* Required work:
Search the entries for the word "Square" and copy each line that has it.

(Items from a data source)
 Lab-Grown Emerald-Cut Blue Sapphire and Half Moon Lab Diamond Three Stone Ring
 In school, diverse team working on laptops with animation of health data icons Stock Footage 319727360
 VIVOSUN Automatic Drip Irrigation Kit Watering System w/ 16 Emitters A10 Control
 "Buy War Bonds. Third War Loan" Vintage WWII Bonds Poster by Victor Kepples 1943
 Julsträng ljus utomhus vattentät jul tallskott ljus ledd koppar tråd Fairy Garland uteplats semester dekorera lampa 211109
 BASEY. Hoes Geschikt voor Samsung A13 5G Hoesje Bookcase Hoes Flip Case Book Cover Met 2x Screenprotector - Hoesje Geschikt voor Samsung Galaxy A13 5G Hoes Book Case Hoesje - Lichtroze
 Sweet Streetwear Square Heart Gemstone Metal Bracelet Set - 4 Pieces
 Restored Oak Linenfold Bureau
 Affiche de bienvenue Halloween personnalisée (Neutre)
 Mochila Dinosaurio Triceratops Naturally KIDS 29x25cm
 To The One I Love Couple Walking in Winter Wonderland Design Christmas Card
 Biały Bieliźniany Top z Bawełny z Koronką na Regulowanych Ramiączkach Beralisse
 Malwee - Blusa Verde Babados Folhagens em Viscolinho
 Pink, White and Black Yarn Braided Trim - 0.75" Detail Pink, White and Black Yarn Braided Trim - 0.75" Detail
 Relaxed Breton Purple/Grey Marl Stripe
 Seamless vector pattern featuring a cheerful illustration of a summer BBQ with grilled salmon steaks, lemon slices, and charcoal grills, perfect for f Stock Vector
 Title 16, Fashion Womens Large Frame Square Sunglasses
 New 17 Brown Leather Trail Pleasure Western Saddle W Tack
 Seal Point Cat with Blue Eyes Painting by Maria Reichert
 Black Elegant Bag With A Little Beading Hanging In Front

* Task result:
 Sweet Streetwear Square Heart Gemstone Metal Bracelet Set - 4 Pieces
 Title 16, Fashion Womens Large Frame Square Sunglasses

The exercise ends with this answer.